YOUR INSTRUCTIONS: Write the data out again exactly and in full.

--- GIVEN DATA ---

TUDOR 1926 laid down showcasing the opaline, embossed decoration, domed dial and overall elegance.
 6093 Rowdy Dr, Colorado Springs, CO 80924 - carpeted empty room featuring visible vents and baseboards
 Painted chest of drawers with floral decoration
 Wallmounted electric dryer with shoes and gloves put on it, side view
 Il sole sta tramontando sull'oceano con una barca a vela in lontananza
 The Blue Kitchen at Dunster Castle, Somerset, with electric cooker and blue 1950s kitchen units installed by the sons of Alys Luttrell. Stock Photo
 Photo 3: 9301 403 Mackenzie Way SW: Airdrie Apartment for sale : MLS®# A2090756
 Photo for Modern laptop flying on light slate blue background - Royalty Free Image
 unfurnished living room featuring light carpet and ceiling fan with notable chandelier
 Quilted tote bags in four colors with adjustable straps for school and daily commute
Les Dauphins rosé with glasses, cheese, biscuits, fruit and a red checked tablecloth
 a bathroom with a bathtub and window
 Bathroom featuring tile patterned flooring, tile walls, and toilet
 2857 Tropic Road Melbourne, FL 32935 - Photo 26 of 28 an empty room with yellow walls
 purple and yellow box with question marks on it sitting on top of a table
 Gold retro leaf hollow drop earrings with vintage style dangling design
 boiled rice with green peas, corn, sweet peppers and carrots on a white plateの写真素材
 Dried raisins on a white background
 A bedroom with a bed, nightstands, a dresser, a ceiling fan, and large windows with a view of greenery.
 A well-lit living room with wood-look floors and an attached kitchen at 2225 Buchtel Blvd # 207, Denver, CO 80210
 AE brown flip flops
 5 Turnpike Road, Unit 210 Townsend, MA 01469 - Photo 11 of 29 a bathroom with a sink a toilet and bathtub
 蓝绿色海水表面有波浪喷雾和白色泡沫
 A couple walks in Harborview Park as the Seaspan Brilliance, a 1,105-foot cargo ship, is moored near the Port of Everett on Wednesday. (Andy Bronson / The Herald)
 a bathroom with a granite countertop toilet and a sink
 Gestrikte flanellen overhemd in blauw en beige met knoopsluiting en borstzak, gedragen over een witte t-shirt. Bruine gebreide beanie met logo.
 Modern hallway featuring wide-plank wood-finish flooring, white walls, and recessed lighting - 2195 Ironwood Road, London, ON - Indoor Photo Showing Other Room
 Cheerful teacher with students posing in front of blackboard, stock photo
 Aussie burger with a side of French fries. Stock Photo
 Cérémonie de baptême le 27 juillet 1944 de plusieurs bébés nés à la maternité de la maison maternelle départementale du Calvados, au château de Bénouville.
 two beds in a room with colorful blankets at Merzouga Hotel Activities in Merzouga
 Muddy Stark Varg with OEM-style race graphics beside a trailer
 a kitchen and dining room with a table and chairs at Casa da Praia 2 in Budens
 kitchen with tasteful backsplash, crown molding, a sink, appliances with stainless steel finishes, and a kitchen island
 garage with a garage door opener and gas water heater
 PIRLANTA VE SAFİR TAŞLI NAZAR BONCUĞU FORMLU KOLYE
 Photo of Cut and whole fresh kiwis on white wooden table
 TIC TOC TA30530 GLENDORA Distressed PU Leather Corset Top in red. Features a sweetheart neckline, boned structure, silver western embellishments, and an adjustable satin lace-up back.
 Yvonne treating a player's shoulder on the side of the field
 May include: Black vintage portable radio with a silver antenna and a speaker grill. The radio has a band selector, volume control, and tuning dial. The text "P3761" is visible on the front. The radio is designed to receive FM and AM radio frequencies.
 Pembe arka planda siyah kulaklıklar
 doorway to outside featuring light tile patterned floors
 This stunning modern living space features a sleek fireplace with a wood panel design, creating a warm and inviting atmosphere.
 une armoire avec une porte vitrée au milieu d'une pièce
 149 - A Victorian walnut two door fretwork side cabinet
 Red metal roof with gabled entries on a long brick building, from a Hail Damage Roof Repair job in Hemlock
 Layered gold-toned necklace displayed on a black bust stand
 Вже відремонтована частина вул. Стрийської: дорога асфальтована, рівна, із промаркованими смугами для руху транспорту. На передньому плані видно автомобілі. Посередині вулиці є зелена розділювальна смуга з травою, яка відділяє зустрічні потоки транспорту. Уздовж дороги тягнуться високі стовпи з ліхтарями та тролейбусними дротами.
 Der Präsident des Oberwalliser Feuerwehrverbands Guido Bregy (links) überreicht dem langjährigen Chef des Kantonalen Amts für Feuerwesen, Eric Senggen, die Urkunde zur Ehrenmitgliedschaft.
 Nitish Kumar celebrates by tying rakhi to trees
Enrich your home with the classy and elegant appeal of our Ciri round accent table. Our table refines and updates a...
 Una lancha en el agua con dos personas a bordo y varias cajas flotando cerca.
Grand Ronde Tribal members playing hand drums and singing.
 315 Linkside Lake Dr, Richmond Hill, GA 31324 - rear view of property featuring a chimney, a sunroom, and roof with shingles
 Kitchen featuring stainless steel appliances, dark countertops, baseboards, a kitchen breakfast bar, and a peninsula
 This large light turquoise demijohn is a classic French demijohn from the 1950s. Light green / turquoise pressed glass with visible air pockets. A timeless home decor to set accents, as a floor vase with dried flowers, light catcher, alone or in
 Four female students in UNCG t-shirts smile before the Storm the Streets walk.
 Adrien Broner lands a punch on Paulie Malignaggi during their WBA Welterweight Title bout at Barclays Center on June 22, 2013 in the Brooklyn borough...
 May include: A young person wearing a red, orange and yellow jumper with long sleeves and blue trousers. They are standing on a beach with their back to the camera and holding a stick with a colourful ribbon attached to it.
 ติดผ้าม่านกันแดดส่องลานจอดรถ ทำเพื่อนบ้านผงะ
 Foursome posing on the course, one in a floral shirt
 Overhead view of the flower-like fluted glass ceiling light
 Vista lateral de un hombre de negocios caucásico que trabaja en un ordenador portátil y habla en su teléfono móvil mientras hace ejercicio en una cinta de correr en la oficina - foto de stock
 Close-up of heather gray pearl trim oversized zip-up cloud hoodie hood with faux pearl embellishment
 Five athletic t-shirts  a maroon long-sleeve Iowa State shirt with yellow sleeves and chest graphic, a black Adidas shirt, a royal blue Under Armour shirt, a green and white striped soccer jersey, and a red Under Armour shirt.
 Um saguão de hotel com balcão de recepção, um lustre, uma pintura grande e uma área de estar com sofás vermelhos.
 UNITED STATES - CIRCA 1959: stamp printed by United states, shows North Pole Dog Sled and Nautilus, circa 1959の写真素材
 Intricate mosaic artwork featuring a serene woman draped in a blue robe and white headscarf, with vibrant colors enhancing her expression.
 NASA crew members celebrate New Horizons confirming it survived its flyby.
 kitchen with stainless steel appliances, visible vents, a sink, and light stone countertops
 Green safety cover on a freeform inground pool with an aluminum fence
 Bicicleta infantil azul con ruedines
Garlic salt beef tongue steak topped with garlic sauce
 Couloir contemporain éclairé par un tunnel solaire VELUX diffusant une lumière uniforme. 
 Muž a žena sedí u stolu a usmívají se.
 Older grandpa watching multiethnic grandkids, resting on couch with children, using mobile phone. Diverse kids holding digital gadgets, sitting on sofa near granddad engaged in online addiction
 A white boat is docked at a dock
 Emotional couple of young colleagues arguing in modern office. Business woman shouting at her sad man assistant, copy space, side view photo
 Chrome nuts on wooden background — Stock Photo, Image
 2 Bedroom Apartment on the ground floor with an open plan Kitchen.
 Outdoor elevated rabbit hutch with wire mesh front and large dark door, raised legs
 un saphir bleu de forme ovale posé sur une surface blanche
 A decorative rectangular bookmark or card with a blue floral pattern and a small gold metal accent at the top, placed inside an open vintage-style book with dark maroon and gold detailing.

---

ANSWER FOR THE TASK:
TUDOR 1926 laid down showcasing the opaline, embossed decoration, domed dial and overall elegance.
 6093 Rowdy Dr, Colorado Springs, CO 80924 - carpeted empty room featuring visible vents and baseboards
 Painted chest of drawers with floral decoration
 Wallmounted electric dryer with shoes and gloves put on it, side view
 Il sole sta tramontando sull'oceano con una barca a vela in lontananza
 The Blue Kitchen at Dunster Castle, Somerset, with electric cooker and blue 1950s kitchen units installed by the sons of Alys Luttrell. Stock Photo
 Photo 3: 9301 403 Mackenzie Way SW: Airdrie Apartment for sale : MLS®# A2090756
 Photo for Modern laptop flying on light slate blue background - Royalty Free Image
 unfurnished living room featuring light carpet and ceiling fan with notable chandelier
 Quilted tote bags in four colors with adjustable straps for school and daily commute
Les Dauphins rosé with glasses, cheese, biscuits, fruit and a red checked tablecloth
 a bathroom with a bathtub and window
 Bathroom featuring tile patterned flooring, tile walls, and toilet
 2857 Tropic Road Melbourne, FL 32935 - Photo 26 of 28 an empty room with yellow walls
 purple and yellow box with question marks on it sitting on top of a table
 Gold retro leaf hollow drop earrings with vintage style dangling design
 boiled rice with green peas, corn, sweet peppers and carrots on a white plateの写真素材
 Dried raisins on a white background
 A bedroom with a bed, nightstands, a dresser, a ceiling fan, and large windows with a view of greenery.
 A well-lit living room with wood-look floors and an attached kitchen at 2225 Buchtel Blvd # 207, Denver, CO 80210
 AE brown flip flops
 5 Turnpike Road, Unit 210 Townsend, MA 01469 - Photo 11 of 29 a bathroom with a sink a toilet and bathtub
 蓝绿色海水表面有波浪喷雾和白色泡沫
 A couple walks in Harborview Park as the Seaspan Brilliance, a 1,105-foot cargo ship, is moored near the Port of Everett on Wednesday. (Andy Bronson / The Herald)
 a bathroom with a granite countertop toilet and a sink
 Gestrikte flanellen overhemd in blauw en beige met knoopsluiting en borstzak, gedragen over een witte t-shirt. Bruine gebreide beanie met logo.
 Modern hallway featuring wide-plank wood-finish flooring, white walls, and recessed lighting - 2195 Ironwood Road, London, ON - Indoor Photo Showing Other Room
 Cheerful teacher with students posing in front of blackboard, stock photo
 Aussie burger with a side of French fries. Stock Photo
 Cérémonie de baptême le 27 juillet 1944 de plusieurs bébés nés à la maternité de la maison maternelle départementale du Calvados, au château de Bénouville.
 two beds in a room with colorful blankets at Merzouga Hotel Activities in Merzouga
 Muddy Stark Varg with OEM-style race graphics beside a trailer
 a kitchen and dining room with a table and chairs at Casa da Praia 2 in Budens
 kitchen with tasteful backsplash, crown molding, a sink, appliances with stainless steel finishes, and a kitchen island
 garage with a garage door opener and gas water heater
 PIRLANTA VE SAFİR TAŞLI NAZAR BONCUĞU FORMLU KOLYE
 Photo of Cut and whole fresh kiwis on white wooden table
 TIC TOC TA30530 GLENDORA Distressed PU Leather Corset Top in red. Features a sweetheart neckline, boned structure, silver western embellishments, and an adjustable satin lace-up back.
 Yvonne treating a player's shoulder on the side of the field
 May include: Black vintage portable radio with a silver antenna and a speaker grill. The radio has a band selector, volume control, and tuning dial. The text "P3761" is visible on the front. The radio is designed to receive FM and AM radio frequencies.
 Pembe arka planda siyah kulaklıklar
 doorway to outside featuring light tile patterned floors
 This stunning modern living space features a sleek fireplace with a wood panel design, creating a warm and inviting atmosphere.
 une armoire avec une porte vitrée au milieu d'une pièce
 149 - A Victorian walnut two door fretwork side cabinet
 Red metal roof with gabled entries on a long brick building, from a Hail Damage Roof Repair job in Hemlock
 Layered gold-toned necklace displayed on a black bust stand
 Вже відремонтована частина вул. Стрийської: дорога асфальтована, рівна, із промаркованими смугами для руху транспорту. На передньому плані видно автомобілі. Посередині вулиці є зелена розділювальна смуга з травою, яка відділяє зустрічні потоки транспорту. Уздовж дороги тягнуться високі стовпи з ліхтарями та тролейбусними дротами.
 Der Präsident des Oberwalliser Feuerwehrverbands Guido Bregy (links) überreicht dem langjährigen Chef des Kantonalen Amts für Feuerwesen, Eric Senggen, die Urkunde zur Ehrenmitgliedschaft.
 Nitish Kumar celebrates by tying rakhi to trees
Enrich your home with the classy and elegant appeal of our Ciri round accent table. Our table refines and updates a...
 Una lancha en el agua con dos personas a bordo y varias cajas flotando cerca.
Grand Ronde Tribal members playing hand drums and singing.
 315 Linkside Lake Dr, Richmond Hill, GA 31324 - rear view of property featuring a chimney, a sunroom, and roof with shingles
 Kitchen featuring stainless steel appliances, dark countertops, baseboards, a kitchen breakfast bar, and a peninsula
 This large light turquoise demijohn is a classic French demijohn from the 1950s. Light green / turquoise pressed glass with visible air pockets. A timeless home decor to set accents, as a floor vase with dried flowers, light catcher, alone or in
 Four female students in UNCG t-shirts smile before the Storm the Streets walk.
 Adrien Broner lands a punch on Paulie Malignaggi during their WBA Welterweight Title bout at Barclays Center on June 22, 2013 in the Brooklyn borough...
 May include: A young person wearing a red, orange and yellow jumper with long sleeves and blue trousers. They are standing on a beach with their back to the camera and holding a stick with a colourful ribbon attached to it.
 ติดผ้าม่านกันแดดส่องลานจอดรถ ทำเพื่อนบ้านผงะ
 Foursome posing on the course, one in a floral shirt
 Overhead view of the flower-like fluted glass ceiling light
 Vista lateral de un hombre de negocios caucásico que trabaja en un ordenador portátil y habla en su teléfono móvil mientras hace ejercicio en una cinta de correr en la oficina - foto de stock
 Close-up of heather gray pearl trim oversized zip-up cloud hoodie hood with faux pearl embellishment
 Five athletic t-shirts  a maroon long-sleeve Iowa State shirt with yellow sleeves and chest graphic, a black Adidas shirt, a royal blue Under Armour shirt, a green and white striped soccer jersey, and a red Under Armour shirt.
 Um saguão de hotel com balcão de recepção, um lustre, uma pintura grande e uma área de estar com sofás vermelhos.
 UNITED STATES - CIRCA 1959: stamp printed by United states, shows North Pole Dog Sled and Nautilus, circa 1959の写真素材
 Intricate mosaic artwork featuring a serene woman draped in a blue robe and white headscarf, with vibrant colors enhancing her expression.
 NASA crew members celebrate New Horizons confirming it survived its flyby.
 kitchen with stainless steel appliances, visible vents, a sink, and light stone countertops
 Green safety cover on a freeform inground pool with an aluminum fence
 Bicicleta infantil azul con ruedines
Garlic salt beef tongue steak topped with garlic sauce
 Couloir contemporain éclairé par un tunnel solaire VELUX diffusant une lumière uniforme. 
 Muž a žena sedí u stolu a usmívají se.
 Older grandpa watching multiethnic grandkids, resting on couch with children, using mobile phone. Diverse kids holding digital gadgets, sitting on sofa near granddad engaged in online addiction
 A white boat is docked at a dock
 Emotional couple of young colleagues arguing in modern office. Business woman shouting at her sad man assistant, copy space, side view photo
 Chrome nuts on wooden background — Stock Photo, Image
 2 Bedroom Apartment on the ground floor with an open plan Kitchen.
 Outdoor elevated rabbit hutch with wire mesh front and large dark door, raised legs
 un saphir bleu de forme ovale posé sur une surface blanche
 A decorative rectangular bookmark or card with a blue floral pattern and a small gold metal accent at the top, placed inside an open vintage-style book with dark maroon and gold detailing.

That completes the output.